The two Naga leaders from the Indian side, Wangtin Naga and P. Tikhak, expelled by none other than Khaplang himself, fought with the Myanmar authorities for these rights. These two were the architects of Khaplang’s authority in parts of Sagaing Region. Was it not a reflection of their commitment to a pan-Naga political and social identity? For us, the concerns of our brothers and sisters in Myanmar were as dear as those of our brothers and sisters in India. Both Khole Konyak and Kitovi Zhimoni parted ways with Khaplang, though these two leaders had stood by him and did not consider him a “Burmese Naga”.
Who, then, broke this bond? Who divided the Nagas into Myanmarese and Indian? Who gave the identity of “Indian Nagas” to us? Who betrayed the Naga cause? The answer is Khaplang. Khaplang exploited both leaders, who knew English, to ink the historic agreement with Myanmar only to enjoy its fruits with his Myanmarese brothers. When it came to a similar ceasefire with the Indian government, he opposed it tooth and nail. When it came to political dialogue with India, Khaplang wanted to wait for talks with the NSCN-IM (the Isak Chishi Swu and Thuingaleng Muivah faction) to fail. Khaplang did not have any stake in a political settlement with the Indian government. This was political opportunism at its worst.

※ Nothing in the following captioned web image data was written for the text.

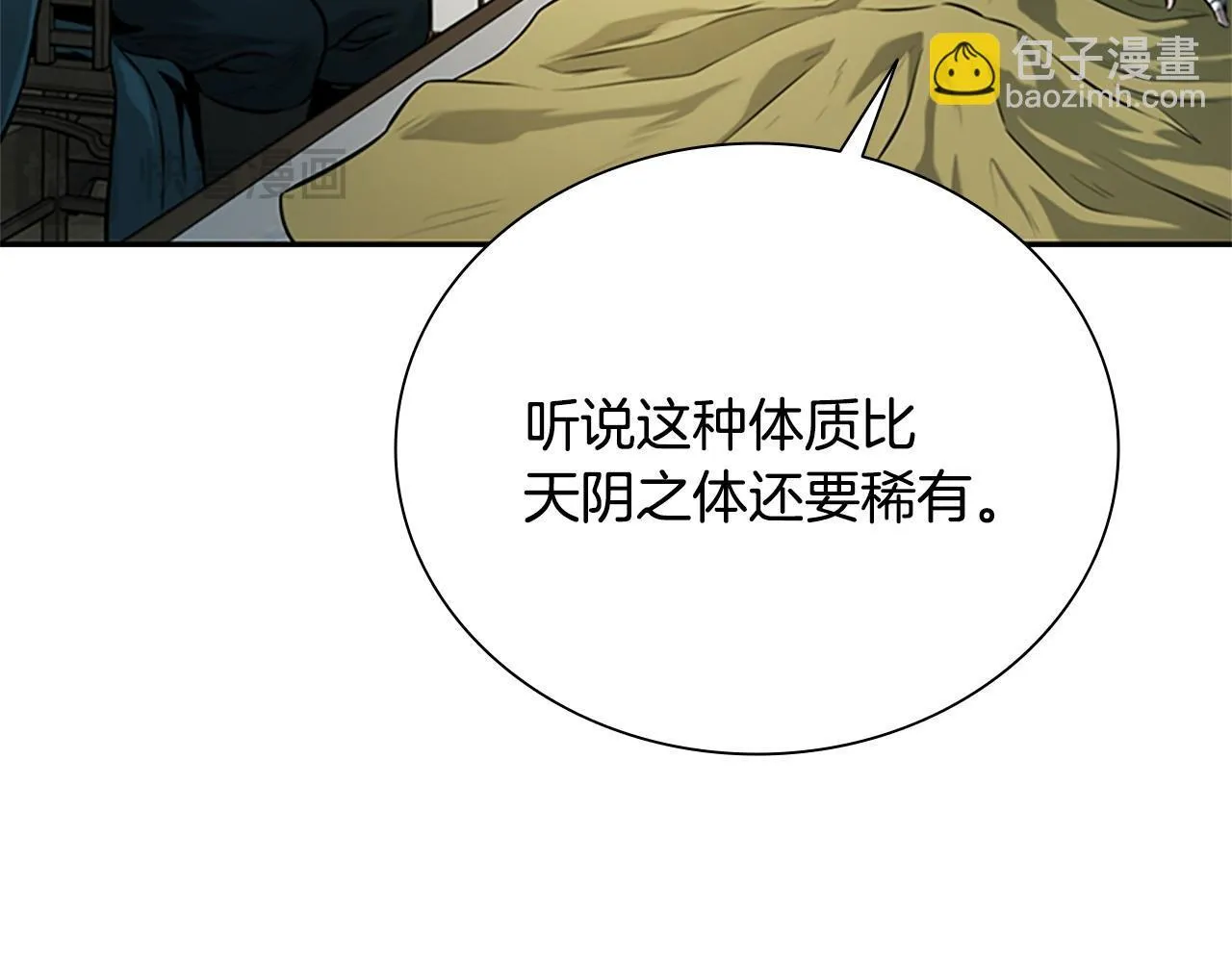 第16话 师傅我可以101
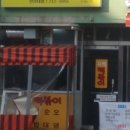 고전떡볶이한라대점
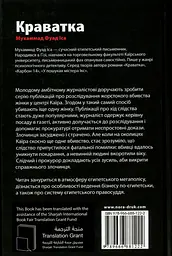 Краватка - мініатюра 2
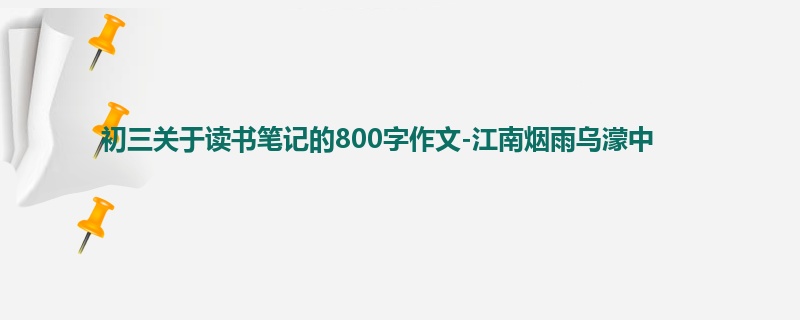 初三关于读书笔记的800字作文-江南烟雨乌濛中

Khaplang is answerable to the Nagas of the world as to why he has created Nagas within Nagas.
Khaplang is a fatherly figure (baba) in Naga society, and Nagas respect their elders. But one should deserve and inspire that respect through actions, not fear. Regarding Wangtin’s statement “to my great baba as no son has any bad intention towards his father”, he was not talking about the post-split period, but the one prior to it, when he tried to convince Khaplang to take into consideration several problems faced on the Indian side. But Khaplang turned a deaf ear to his pleas, thinking Wangtin was doing so only for his own benefit. That’s why he clarified that a son can never have any bad intentions towards his father. His pleas were meant to save the organisation from sinking because of the backbiters. Ultimately, it culminated in the current state of affairs. Therefore, it was not at all an apologetic statement as made out by Baruah.
As regards Khaplang’s influence on the Indian side, a few incidents of violence by fugitive followers don’t prove his influence. Indeed, the rising public resentment against violence and the call for non-cooperation speak against it. Sooner rather than later, the truth will prevail. There is a pantheon of Naga leaders who have sacrificed themselves at the altar of the Naga cause. Khaplang does not even merit a mention.
His protection to other Indian insurgent groups in Myanmar is not because of his influence. It is a marriage of convenience. Other groups take advantage of his ceasefire with Myanmar to seek refuge, while Khaplang takes “protection money”. As regards whether India should learn from Myanmar on how to deal with Khaplang, whether Indian security forces have the capacity to contain the NSCN-K, whether Myanmar will extend a helping hand by not allowing Khaplang to use its soil, and whether India can solve the Naga issue only by talking to the NSCN-IM, it is for the Indian government to ponder. In any case, nothing can be farther from the truth than equating the NSCN-K with Myanmar in the context of India’s engagement.